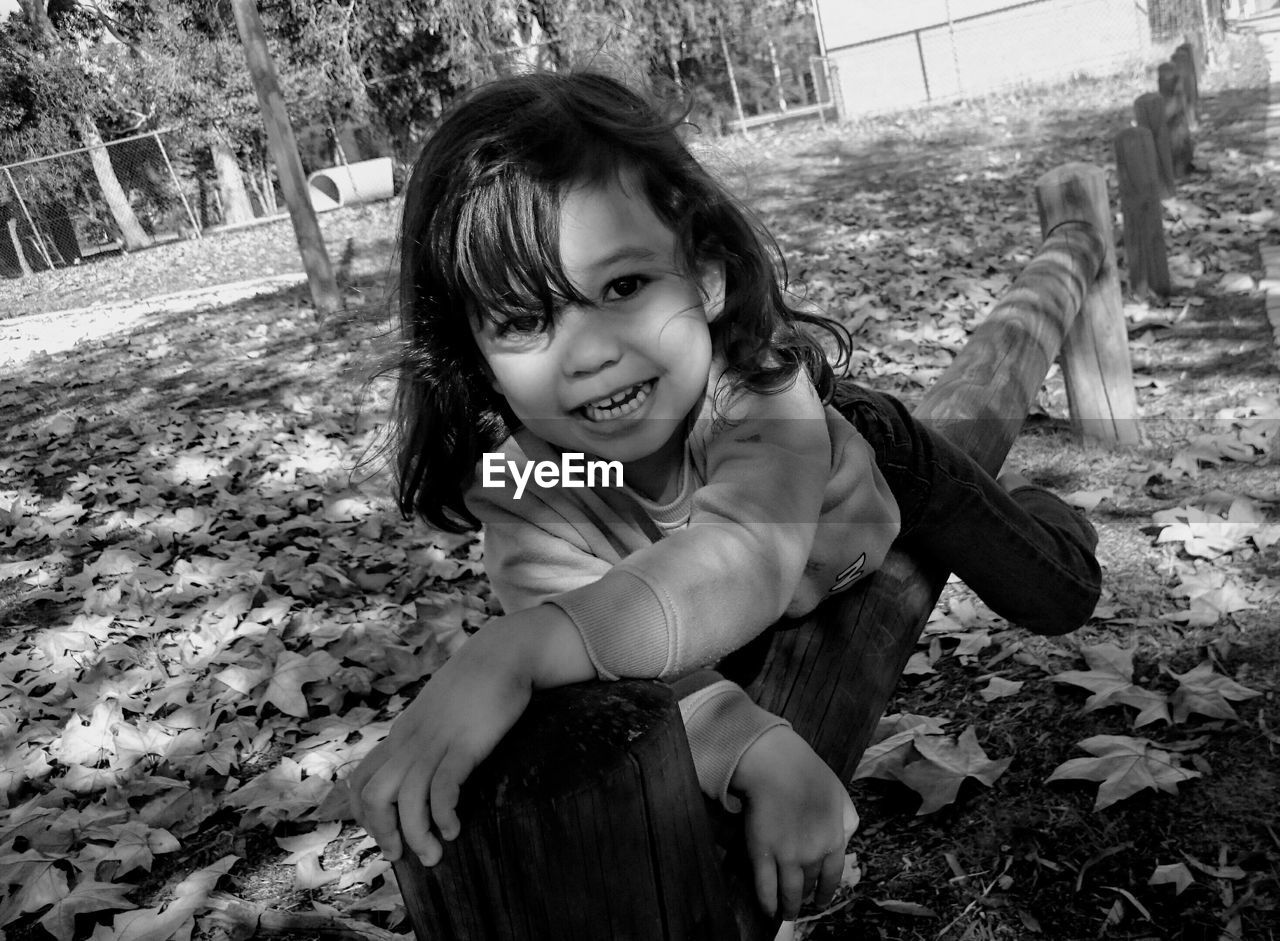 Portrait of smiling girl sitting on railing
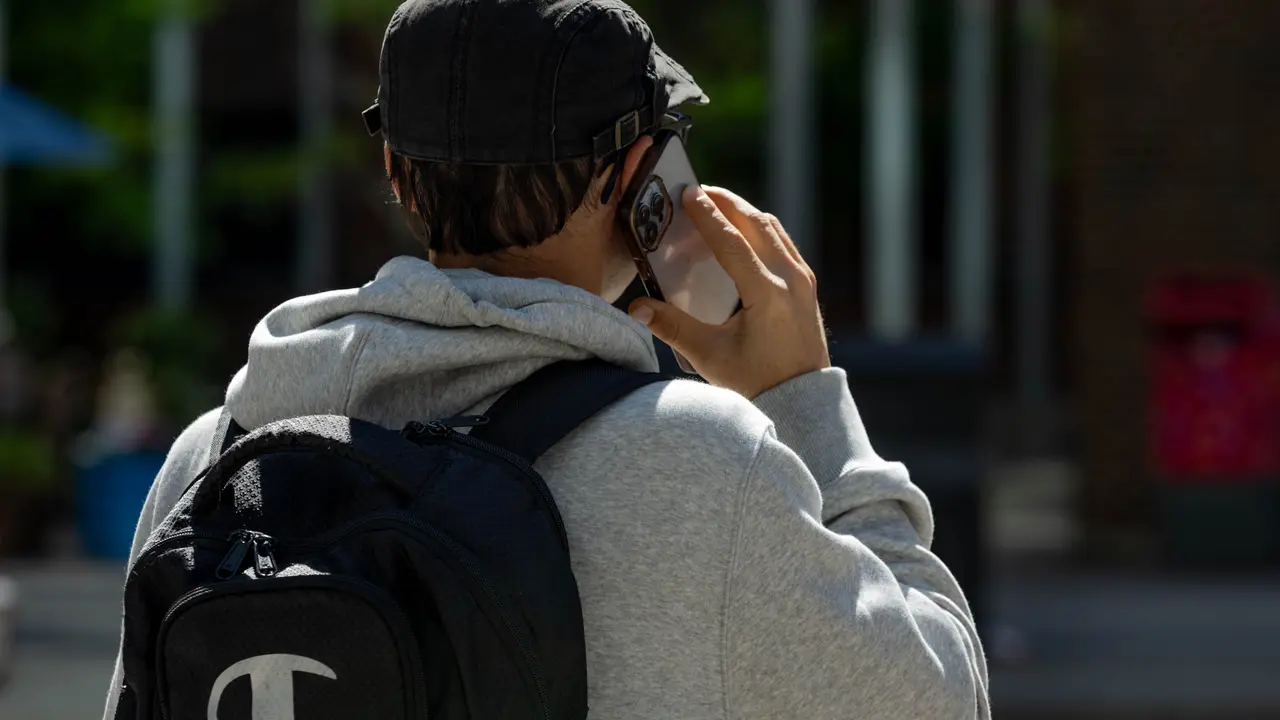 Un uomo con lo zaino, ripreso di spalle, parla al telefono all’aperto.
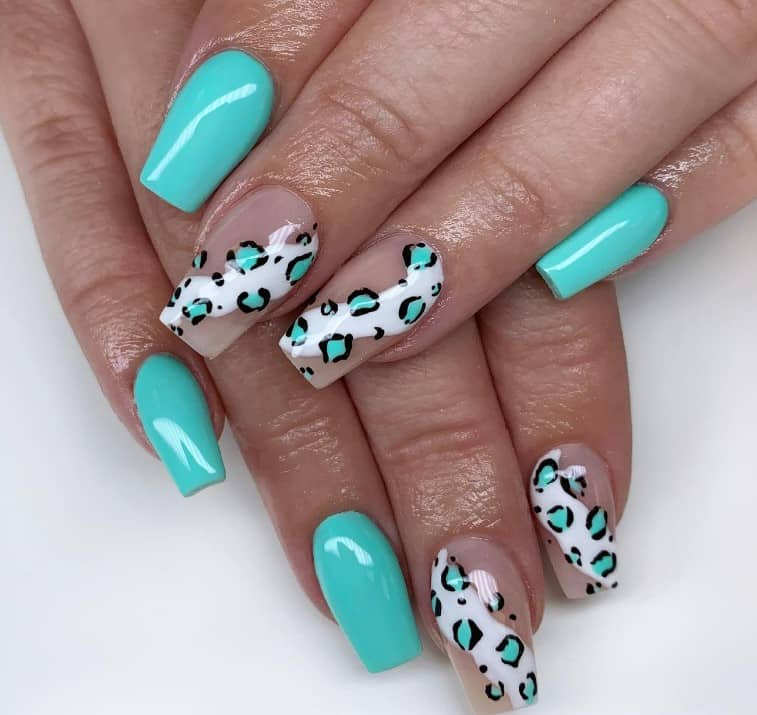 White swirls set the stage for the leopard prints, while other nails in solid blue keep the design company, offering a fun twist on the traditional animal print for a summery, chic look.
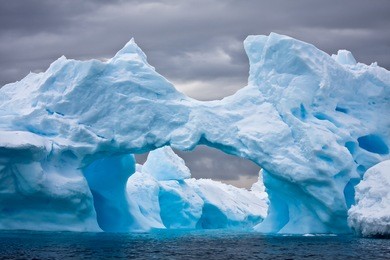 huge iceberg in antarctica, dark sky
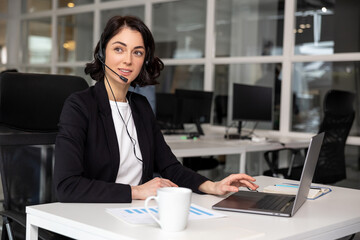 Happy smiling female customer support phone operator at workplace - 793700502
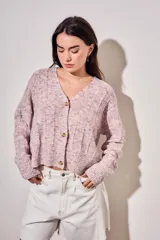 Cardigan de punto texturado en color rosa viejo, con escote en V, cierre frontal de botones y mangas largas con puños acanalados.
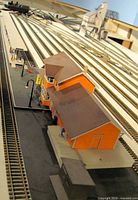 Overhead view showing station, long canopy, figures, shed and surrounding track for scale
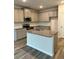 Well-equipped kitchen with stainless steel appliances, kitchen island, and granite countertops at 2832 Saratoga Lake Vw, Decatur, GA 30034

THE TASK => Copy nothing past the line containing "huge iceberg in antarctica, dark sky": reproduce every line from the start of the records up to it, skipping pictures.

WRITTEN SOLUTION =>
 Portrait of smiling girl sitting on railing
 Un uomo con lo zaino, ripreso di spalle, parla al telefono all’aperto.
 White swirls set the stage for the leopard prints, while other nails in solid blue keep the design company, offering a fun twist on the traditional animal print for a summery, chic look.
 huge iceberg in antarctica, dark sky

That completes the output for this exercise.